Como fui "criado" na seara jurídica não tenho como deixar de articular os elementos desta reflexão com aqueles que operam na dinâmica ensino-aprendizado no âmbito do Direito. Ainda assim, a base para o pensamento acerca da (dura) tarefa de "compor" não está no Direito, mas fora dele, e, goste-se ou não disso, tem inequívocas raízes políticas.
O primeiro passo na construção consiste em "ter uma ideia". Do que "falar", por que "falar" e para quem "falar", adverte Gustavo Bernardo, são antecedentes ao "como falar"!
Os manuais jurídicos, infelizmente, revelam-se em sua grande maioria verdadeiros cemitérios de ideias. Não se trata, em regra, da sempre difícil síntese de doutrinas e teorias, mas da simplificação aparente daquilo que, em essência, não é simplificável, o que não significa que não possa ser explicado e compreendido.
Toda linguagem, todavia, vale-se de um discurso que tem em seu alicerce determinada filosofia, ou maneira de ver as coisas, que sempre reclama outra(s) forma(s) de encarar o mesmo objeto!
A supressão dos argumentos, dos fundamentos e da filosofia que configura o eixo/estrutura de determinado objeto, a respeito do qual se pretende "escrever", não tem o poder de fazer desaparecerem as condições de possibilidade deste objeto! O desconhecimento dessas condições é uma espécie de ignorância (cegueira) que inviabiliza refletir sobre o objeto e até apreender seu sentido (ou construi-lo competentemente).

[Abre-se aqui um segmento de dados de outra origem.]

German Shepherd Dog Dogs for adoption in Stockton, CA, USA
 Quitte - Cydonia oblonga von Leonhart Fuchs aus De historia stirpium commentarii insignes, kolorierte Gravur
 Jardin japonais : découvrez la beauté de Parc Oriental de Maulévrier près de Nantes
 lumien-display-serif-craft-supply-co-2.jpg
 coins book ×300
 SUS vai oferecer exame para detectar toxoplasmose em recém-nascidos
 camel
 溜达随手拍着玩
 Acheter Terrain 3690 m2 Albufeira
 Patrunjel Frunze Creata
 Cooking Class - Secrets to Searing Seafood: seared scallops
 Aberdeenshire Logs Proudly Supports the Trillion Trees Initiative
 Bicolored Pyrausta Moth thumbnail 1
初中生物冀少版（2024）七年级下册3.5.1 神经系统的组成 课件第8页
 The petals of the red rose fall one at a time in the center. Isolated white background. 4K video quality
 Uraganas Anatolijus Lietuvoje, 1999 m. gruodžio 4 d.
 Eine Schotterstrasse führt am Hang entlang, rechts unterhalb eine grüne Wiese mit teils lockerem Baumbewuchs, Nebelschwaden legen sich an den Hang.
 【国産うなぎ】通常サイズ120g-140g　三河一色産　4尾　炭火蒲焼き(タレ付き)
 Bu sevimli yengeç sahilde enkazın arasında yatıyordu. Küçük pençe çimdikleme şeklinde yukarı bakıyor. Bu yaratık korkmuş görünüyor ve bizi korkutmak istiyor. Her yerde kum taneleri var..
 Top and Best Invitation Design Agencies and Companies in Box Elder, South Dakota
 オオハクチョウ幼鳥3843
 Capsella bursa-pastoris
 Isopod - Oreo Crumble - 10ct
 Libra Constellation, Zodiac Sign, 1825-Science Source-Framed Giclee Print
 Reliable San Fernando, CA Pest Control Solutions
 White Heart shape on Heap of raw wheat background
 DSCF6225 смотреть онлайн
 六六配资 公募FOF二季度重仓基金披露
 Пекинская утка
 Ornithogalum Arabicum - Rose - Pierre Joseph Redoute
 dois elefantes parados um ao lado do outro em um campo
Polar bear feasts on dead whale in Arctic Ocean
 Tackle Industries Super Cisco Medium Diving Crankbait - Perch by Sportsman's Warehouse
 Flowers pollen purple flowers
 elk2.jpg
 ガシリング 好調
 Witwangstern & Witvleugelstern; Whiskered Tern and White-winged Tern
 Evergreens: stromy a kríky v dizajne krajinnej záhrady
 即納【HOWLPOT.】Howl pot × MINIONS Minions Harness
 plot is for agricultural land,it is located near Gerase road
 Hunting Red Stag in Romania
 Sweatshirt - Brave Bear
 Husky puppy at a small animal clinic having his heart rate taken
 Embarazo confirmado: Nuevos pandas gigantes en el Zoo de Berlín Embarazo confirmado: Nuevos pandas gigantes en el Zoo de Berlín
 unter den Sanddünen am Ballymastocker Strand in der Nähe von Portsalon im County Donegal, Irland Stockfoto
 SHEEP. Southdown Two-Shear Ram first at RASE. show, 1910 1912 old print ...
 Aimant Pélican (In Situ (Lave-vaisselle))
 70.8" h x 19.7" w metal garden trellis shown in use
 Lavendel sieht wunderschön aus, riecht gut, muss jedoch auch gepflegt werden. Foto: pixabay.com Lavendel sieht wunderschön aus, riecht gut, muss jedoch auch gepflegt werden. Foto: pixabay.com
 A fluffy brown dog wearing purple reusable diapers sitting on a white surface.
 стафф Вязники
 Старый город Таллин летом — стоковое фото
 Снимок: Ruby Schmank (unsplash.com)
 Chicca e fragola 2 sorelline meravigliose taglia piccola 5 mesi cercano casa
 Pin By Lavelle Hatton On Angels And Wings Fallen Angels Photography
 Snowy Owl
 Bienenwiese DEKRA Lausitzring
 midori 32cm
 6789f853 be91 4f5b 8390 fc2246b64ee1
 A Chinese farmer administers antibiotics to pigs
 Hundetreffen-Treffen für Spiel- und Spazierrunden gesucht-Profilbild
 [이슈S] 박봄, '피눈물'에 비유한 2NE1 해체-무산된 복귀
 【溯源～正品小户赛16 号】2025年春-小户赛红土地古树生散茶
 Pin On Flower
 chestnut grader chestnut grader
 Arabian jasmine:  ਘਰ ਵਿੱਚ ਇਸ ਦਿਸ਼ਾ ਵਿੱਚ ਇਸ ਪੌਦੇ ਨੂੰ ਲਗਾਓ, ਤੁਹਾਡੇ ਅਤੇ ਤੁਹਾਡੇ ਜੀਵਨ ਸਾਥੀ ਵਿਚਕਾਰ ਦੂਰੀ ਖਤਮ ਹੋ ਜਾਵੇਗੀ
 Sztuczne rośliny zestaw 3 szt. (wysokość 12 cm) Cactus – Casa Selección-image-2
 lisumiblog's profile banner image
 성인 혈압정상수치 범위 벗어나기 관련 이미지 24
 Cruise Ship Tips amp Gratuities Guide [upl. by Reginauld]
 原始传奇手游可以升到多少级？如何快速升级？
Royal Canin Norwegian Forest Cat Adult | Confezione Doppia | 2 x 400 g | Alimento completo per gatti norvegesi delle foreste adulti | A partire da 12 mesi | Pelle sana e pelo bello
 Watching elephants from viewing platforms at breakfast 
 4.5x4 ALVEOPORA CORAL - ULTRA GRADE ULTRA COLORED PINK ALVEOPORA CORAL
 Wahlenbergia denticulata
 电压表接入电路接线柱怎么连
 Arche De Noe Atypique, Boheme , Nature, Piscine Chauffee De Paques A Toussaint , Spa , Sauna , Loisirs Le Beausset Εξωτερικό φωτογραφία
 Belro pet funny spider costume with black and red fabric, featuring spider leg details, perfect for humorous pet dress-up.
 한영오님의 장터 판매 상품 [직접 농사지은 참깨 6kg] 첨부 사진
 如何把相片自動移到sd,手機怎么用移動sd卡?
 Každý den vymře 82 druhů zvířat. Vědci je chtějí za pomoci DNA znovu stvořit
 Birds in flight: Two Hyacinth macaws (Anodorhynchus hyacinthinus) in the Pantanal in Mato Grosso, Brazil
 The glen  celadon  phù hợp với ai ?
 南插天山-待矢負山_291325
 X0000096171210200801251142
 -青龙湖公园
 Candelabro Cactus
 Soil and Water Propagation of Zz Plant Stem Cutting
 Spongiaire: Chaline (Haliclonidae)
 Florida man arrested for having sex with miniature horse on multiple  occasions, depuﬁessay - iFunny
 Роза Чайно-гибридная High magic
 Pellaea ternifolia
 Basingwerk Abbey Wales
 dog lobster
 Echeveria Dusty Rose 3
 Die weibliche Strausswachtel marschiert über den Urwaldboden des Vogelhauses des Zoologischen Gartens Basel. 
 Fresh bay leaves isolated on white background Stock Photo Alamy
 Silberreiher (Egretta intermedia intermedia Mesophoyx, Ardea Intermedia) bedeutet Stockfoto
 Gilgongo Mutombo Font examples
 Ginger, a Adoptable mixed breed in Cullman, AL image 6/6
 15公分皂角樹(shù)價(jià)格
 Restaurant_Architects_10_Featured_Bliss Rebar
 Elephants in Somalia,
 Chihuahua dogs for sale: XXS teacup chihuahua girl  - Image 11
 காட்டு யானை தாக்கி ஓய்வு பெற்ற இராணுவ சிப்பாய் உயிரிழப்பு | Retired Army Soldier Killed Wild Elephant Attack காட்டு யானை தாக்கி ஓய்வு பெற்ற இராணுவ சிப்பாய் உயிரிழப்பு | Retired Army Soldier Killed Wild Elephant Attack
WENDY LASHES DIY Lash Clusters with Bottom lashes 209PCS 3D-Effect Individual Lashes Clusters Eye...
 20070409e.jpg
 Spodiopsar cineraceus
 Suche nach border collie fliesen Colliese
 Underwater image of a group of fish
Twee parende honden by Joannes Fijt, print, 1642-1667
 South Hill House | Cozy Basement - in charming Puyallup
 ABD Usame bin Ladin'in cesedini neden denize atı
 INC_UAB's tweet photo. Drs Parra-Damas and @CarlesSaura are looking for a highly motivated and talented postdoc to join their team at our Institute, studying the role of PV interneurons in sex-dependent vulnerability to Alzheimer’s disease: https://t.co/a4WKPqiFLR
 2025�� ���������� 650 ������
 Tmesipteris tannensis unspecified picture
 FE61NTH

Assim, se eu não conheço o assunto de que "falo", como posso pretender explicá-lo?
Daí que à simplicidade de determinadas "explicações" dos manuais não corresponda à segurança pessoal na identificação e solução de problemas concretos pelo leitor! Pelo que se vê, somente os autores deste tipo de manual beneficiam-se da sua extraordinária difusão e as vantagens não são de outra ordem que econômicas.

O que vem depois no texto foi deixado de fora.